Exercise requirements =
Nothing in the listing should be altered when it is copied, and no picture goes into the copy.

The data =
◆ ◆ ◆

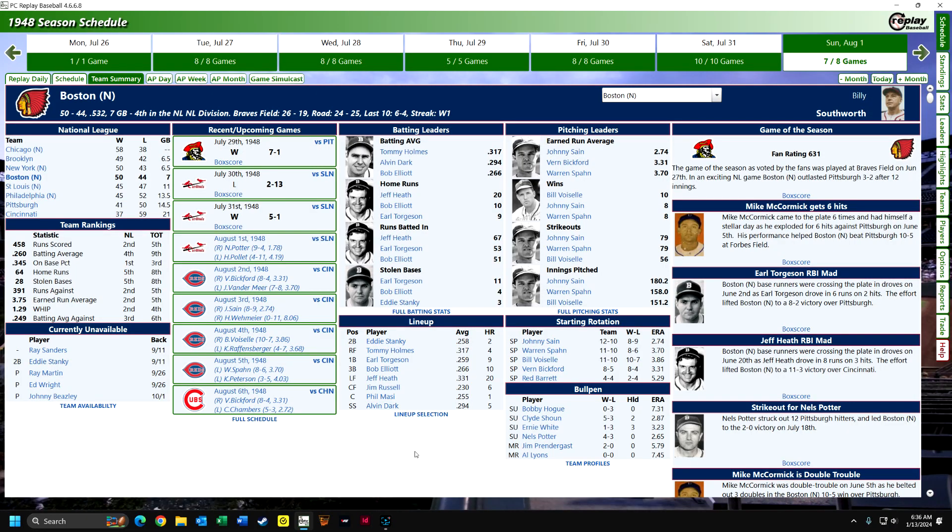Hi everybody, this is LeftyDad, bringing you another game from my 1948 season replay of Major League Baseball using PC Replay Baseball.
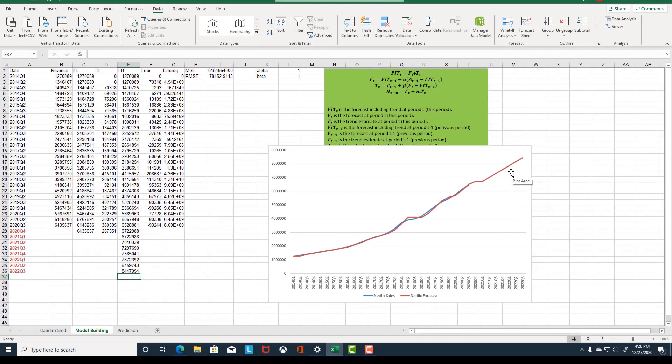This is all about Holt's method. In the next video, I'm going to show you how to forecast Netflix revenue using a regression model.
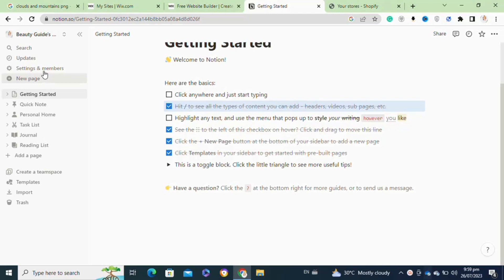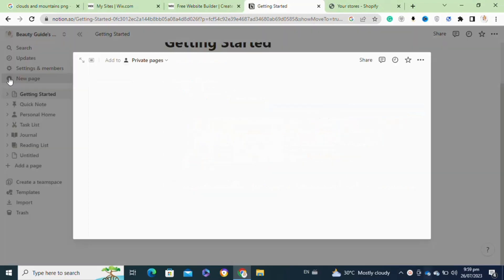After that, simply click on the new page option from the left side. Then give the new page a name. This will be the title of the sidebar in the main page.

◆ ◆ ◆

Result of this exercise =
Hi everybody, this is LeftyDad, bringing you another game from my 1948 season replay of Major League Baseball using PC Replay Baseball.
This is all about Holt's method. In the next video, I'm going to show you how to forecast Netflix revenue using a regression model.
After that, simply click on the new page option from the left side. Then give the new page a name. This will be the title of the sidebar in the main page.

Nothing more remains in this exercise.